Mel Smith succeeds in crafting and delivering a high-energy, often hilarious romp through London and the surrounding environs, as he puts his stars through their paces in a way that generates plenty of laughs and makes his audience glad they came along for the ride. Smith sets a perfect pace that makes this a lively comedy, enriched by witty dialogue, wry British humor and the iridescent performances of Driver and McCormack, all of which makes this film more reminiscent of such fare as Michael Caine's `The Italian Job,' or any of the early Peter Sellers movies, rather than the more contemporary Farrelly Brothers/'American Pie' type humor that is so prevalent today. And, as such, it is refreshingly fun AND funny, and leaves you yearning for more of the same.
Since her auspicious motion picture debut as Benny in the heartwarming `Circle of Friends' in 1995, Driver has successfully filled her resume with films that run the gamut from black comedy (As Debi, `Grosse Pointe Blank') and straight drama (Rosie, `The Governess') to action (Karen, `Hard Rain'). Not all of her projects have been a success critically and/or at the box office, perhaps, but one would be hard-put to find a single performance of hers among them that is not engaging and credible. She's demonstrated time and again that she can hold her own with the big boys in the high profile films (alongside De Niro in `Sleepers,' Damon and Affleck in `Good Will Hunting'), and one of her most memorable performances is in what is arguably one of the best romantic comedies of all time, `Return To Me,' in which she plays Grace. All in all, in a comparatively short time, Driver has accrued some impressive credentials, and she never fails to live up to her promise-- and her portrayal of Shannon in this film is no exception. Using to great effect her quirky good looks and winning personality, combined with a discernible intelligence that points up a beauty that is much more than skin deep, here as always, she is a delight to watch.

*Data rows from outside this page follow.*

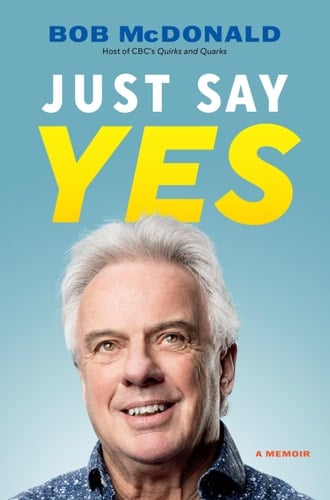 Just Say Yes A Memoir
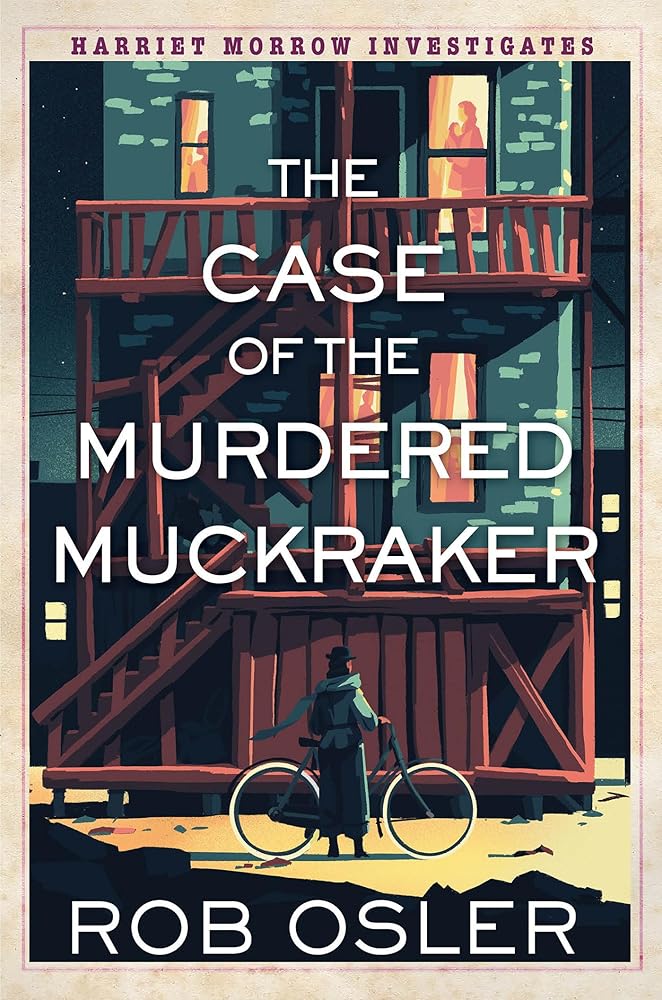 The Case of the Murdered Muckraker (Harriet Morrow Investigates, 2) cover image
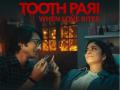 Shantanu Maheshwari, Tanya Maniktala's series 'Tooth Pari' trailer to be out on this date - Hindi News | Shantanu Maheshwari, Tanya Maniktala's series 'Tooth Pari' trailer to be out on this date | Latest entertainment News at Lokmattimes.com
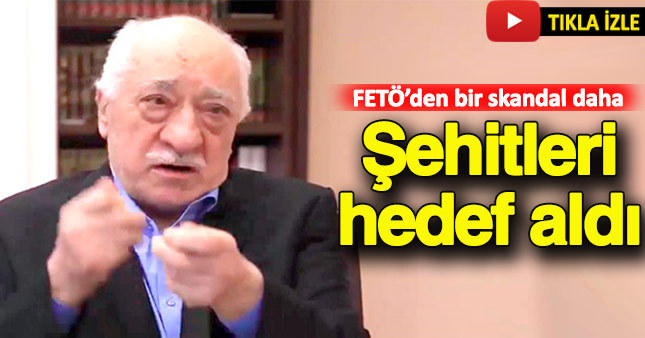 Fethullah Gülen verdiği röportajda şehitlerimize dil uzattı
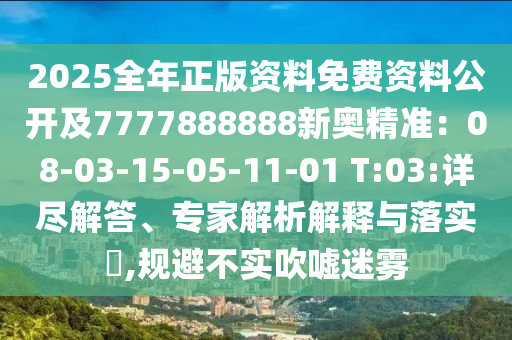 2025全年正版資料免費(fèi)資料公開及7777888888新奧精準(zhǔn)：08-03-15-05-11-01 T:03:詳盡解答、專家解析解釋與落實(shí)?,規(guī)避不實(shí)吹噓迷霧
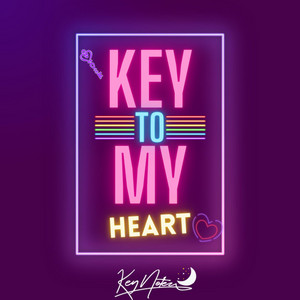 Key To My Heart by Key Notez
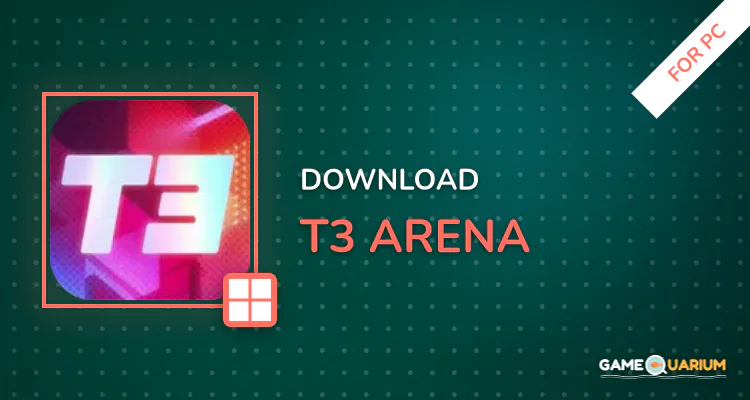 T3 Arena for PC T3 Arena for PC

Perfectly cast, as well, is Mary McCormack, as she succeeds in capturing the very essence of Frances, while proving to be a perfect complement to Driver's Shannon. McCormack has that same kind of well-rounded beauty as Driver, which indicates there's always something going on behind the eyes, and cinematically speaking, as a team it makes them a force to be reckoned with. Most importantly, McCormack brings Frances vividly and enthusiastically to life, and it goes far toward enabling the viewer to suspend disbelief long enough to just go with the flow and enjoy the high jinks of these two young ladies as they cut their swath across the English countryside.
In a terrific supporting role, Michael Gambon, as Kerrigan, is wonderfully droll, espousing that oh-so-wry-and-dry British humor in a manner reminiscent and worthy of Noel Coward at his best. Indeed, Gambon has some of the funniest lines, delivered so subtly as to evoke purely spontaneous bursts of side-splitting laughter from the audience. And when an actor can do that, he has without question succeeded in doing his job; which is exactly what Gambon has accomplished here.
The supporting cast includes Kevin McNally (Mason), Mark Williams (Tremaine), Danny Dyer (Danny), Darren Boyd (Ray), Simon Scardifield (Tony) and Len Collin (Barry). By definition, a comedy is a `movie (or play) of light and humorous character with a happy or cheerful ending.' Therefore-- by definition-- `High Heels and Low Lifes' is a `comedy' in every sense of the word. Thoroughly entertaining and enjoyable, it's a film that makes a promise for a good time to be had by all, then goes on to fulfill that promise. The magic is alive and well in this one, and that's the magic of the movies. I rate this one 8/10.